+++ Recorded data

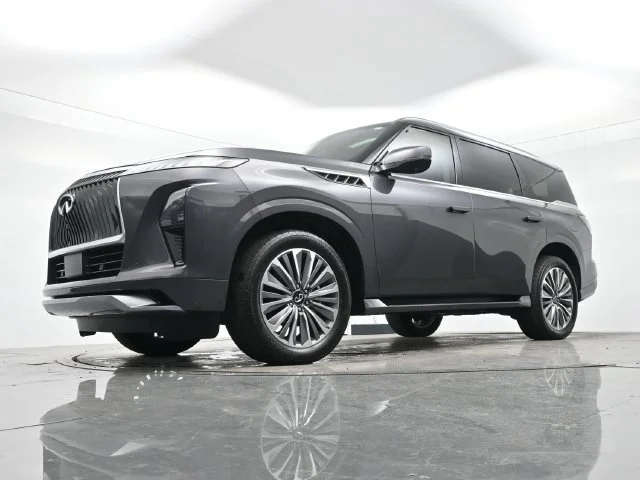 Used 2025 Anthracite Gray INFINITI LUXE image 28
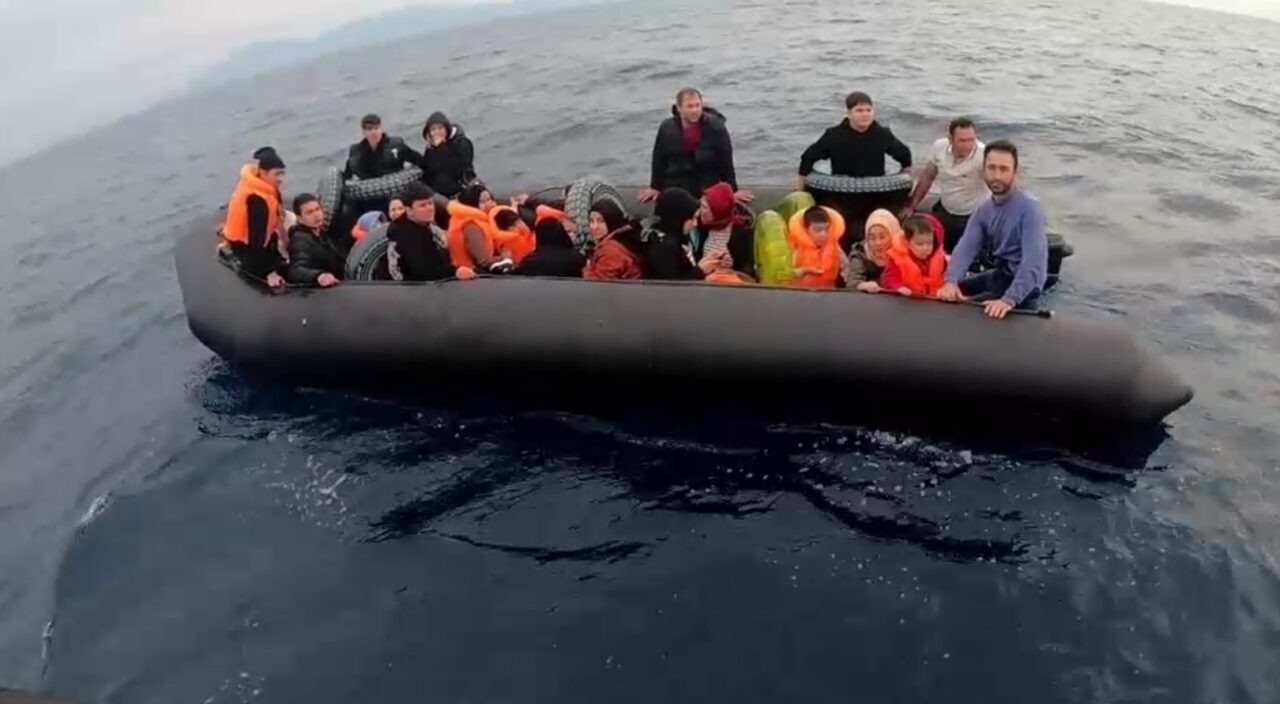 - Göçmen kaçakçılığı yaptığı iddiasıyla 1 şüpheli gözaltına alındı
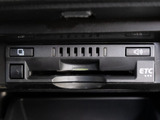コンソール内一体型のビルトインETC装備!見た目の部分も良いですが、ETCカードの盗難防止になる設置箇所です!料金所の渋滞回避!時間帯・日によって料金の軽減を受けられます!ストレス知らずのドライブ!
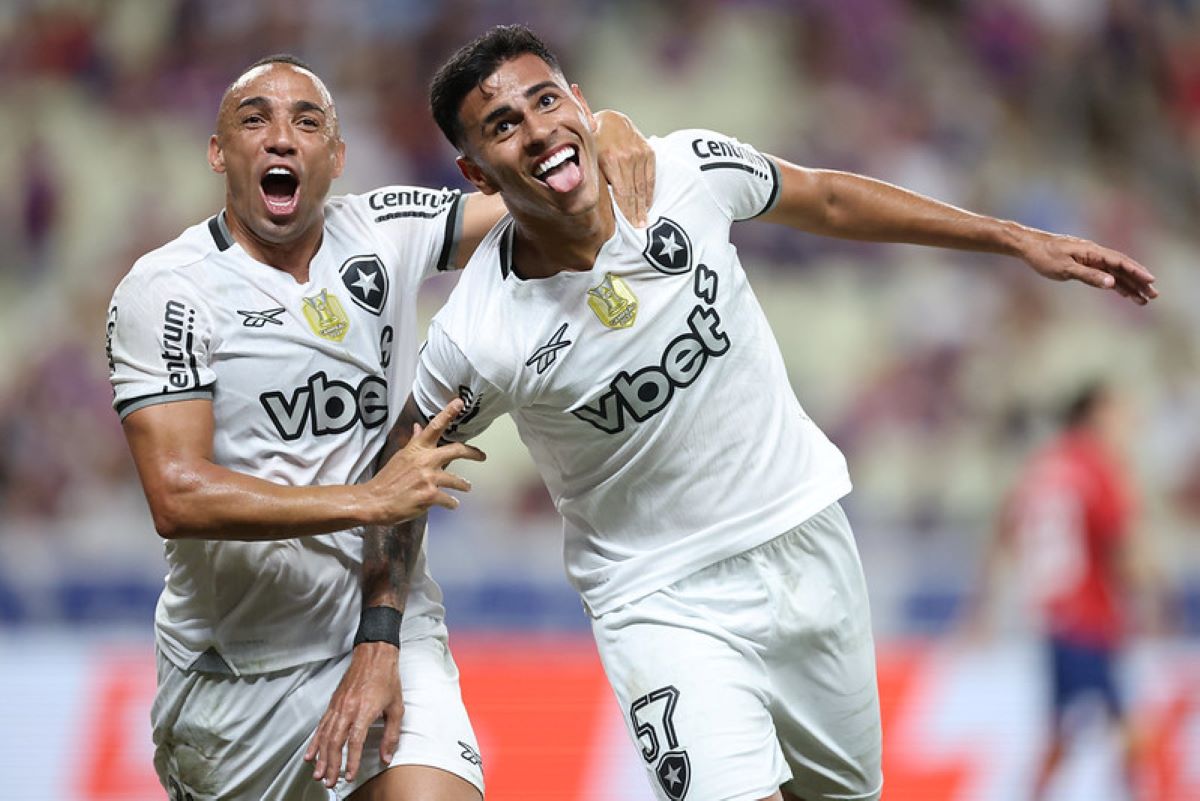 Brasileirão: Botafogo faz cinco contra o Fortaleza e sobe na tabela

++++++

## Aim of the task
Using the material above, set down every line exactly, but skip the pictures.

## Answer for the task
 Used 2025 Anthracite Gray INFINITI LUXE image 28
 - Göçmen kaçakçılığı yaptığı iddiasıyla 1 şüpheli gözaltına alındı
コンソール内一体型のビルトインETC装備!見た目の部分も良いですが、ETCカードの盗難防止になる設置箇所です!料金所の渋滞回避!時間帯・日によって料金の軽減を受けられます!ストレス知らずのドライブ!
 Brasileirão: Botafogo faz cinco contra o Fortaleza e sobe na tabela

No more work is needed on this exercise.